A meshless geometric conservation weighted least square method for solving the shallow water equations

Abstract

The shallow water equations are numerically solved to simulate free surface flows. The convective flux terms in the shallow water equations need to be discretized using a Riemann solver to capture shocks and discontinuity for certain flow situations such as hydraulic jump, dam-break wave propagation or bore wave propagation, levee-breaching flows, etc. The approximate Riemann solver can capture shocks and is popular for studying open-channel flow dynamics with traditional mesh-based numerical methods. Though meshless methods can work on highly irregular geometry without involving the complex mesh generation procedure, the shock-capturing capability has not been implemented, especially for solving open-channel flows.
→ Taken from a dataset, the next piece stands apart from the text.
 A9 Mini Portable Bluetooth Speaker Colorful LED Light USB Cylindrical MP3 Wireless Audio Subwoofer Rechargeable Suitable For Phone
Therefore, we have proposed a numerical method, namely, a shock-capturing meshless geometric conservation weighted least square (GC-WLS) method for solving the shallow water equations. The HLL (Harten–Lax–Van Leer) Riemann solver is implemented within the framework of the proposed meshless method. The spatial derivatives in the shallow water equations and the reconstruction of conservative variables for high-order accuracy are computed using the GC-WLS method. The proposed meshless method is tested for various numerically challenging open-channel flow problems, including analytical, laboratory experiments, and a large-scale physical model study on dam-break event.